## PROBLEM DESCRIPTION:
Below are several entries. Transcribe exactly those lines that fall from the one with "商品助手如何设置自动下单模式呢,商品自动上下架怎么设置" through the one with "Žlutavá vážka s", end lines included.

[[ MATERIAL PROVIDED, beginning ]]

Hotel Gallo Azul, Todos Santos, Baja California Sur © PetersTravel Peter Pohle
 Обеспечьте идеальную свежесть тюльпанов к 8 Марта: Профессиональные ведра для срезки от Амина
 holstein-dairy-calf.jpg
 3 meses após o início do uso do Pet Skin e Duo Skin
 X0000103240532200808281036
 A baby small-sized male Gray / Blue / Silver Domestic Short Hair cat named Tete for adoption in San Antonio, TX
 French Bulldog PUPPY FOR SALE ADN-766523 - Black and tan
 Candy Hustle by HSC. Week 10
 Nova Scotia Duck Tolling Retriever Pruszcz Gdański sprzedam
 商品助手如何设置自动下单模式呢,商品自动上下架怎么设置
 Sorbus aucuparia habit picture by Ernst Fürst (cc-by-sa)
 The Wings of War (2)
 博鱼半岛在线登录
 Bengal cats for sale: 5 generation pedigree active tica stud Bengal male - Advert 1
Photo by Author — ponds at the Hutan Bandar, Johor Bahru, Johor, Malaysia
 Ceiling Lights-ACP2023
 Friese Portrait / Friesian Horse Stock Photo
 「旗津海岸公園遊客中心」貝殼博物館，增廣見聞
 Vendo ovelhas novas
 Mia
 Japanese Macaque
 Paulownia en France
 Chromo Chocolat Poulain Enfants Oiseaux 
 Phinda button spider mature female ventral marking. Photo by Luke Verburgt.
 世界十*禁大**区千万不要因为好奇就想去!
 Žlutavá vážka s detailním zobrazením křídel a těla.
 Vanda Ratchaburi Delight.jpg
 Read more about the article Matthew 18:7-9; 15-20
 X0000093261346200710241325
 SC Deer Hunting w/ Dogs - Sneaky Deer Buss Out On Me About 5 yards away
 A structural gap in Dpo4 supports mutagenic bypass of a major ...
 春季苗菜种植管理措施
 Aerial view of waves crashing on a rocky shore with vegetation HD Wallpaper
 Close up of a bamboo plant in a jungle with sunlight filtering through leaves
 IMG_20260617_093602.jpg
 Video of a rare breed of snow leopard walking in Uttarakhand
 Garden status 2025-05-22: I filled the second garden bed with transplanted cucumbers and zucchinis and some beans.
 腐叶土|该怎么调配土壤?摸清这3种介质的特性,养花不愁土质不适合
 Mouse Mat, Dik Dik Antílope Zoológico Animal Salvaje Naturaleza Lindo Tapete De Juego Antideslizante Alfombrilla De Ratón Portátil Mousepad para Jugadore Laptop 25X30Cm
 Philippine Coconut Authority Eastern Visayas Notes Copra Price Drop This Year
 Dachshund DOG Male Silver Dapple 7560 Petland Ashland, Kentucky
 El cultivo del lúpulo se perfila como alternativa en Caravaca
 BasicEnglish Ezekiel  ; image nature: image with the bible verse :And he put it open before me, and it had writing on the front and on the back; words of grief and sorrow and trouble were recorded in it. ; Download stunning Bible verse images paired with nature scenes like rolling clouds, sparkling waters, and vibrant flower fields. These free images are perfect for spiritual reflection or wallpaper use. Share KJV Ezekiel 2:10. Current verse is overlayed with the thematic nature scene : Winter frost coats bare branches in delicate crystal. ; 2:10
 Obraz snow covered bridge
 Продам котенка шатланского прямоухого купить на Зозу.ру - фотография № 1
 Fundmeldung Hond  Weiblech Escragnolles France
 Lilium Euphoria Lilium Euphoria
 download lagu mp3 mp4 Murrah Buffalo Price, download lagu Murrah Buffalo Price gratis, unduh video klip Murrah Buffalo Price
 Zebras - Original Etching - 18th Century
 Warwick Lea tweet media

[[ MATERIAL PROVIDED, end ]]

## RESULT OF THE TASK:
 商品助手如何设置自动下单模式呢,商品自动上下架怎么设置
 Sorbus aucuparia habit picture by Ernst Fürst (cc-by-sa)
 The Wings of War (2)
 博鱼半岛在线登录
 Bengal cats for sale: 5 generation pedigree active tica stud Bengal male - Advert 1
Photo by Author — ponds at the Hutan Bandar, Johor Bahru, Johor, Malaysia
 Ceiling Lights-ACP2023
 Friese Portrait / Friesian Horse Stock Photo
 「旗津海岸公園遊客中心」貝殼博物館，增廣見聞
 Vendo ovelhas novas
 Mia
 Japanese Macaque
 Paulownia en France
 Chromo Chocolat Poulain Enfants Oiseaux 
 Phinda button spider mature female ventral marking. Photo by Luke Verburgt.
 世界十*禁大**区千万不要因为好奇就想去!
 Žlutavá vážka s detailním zobrazením křídel a těla.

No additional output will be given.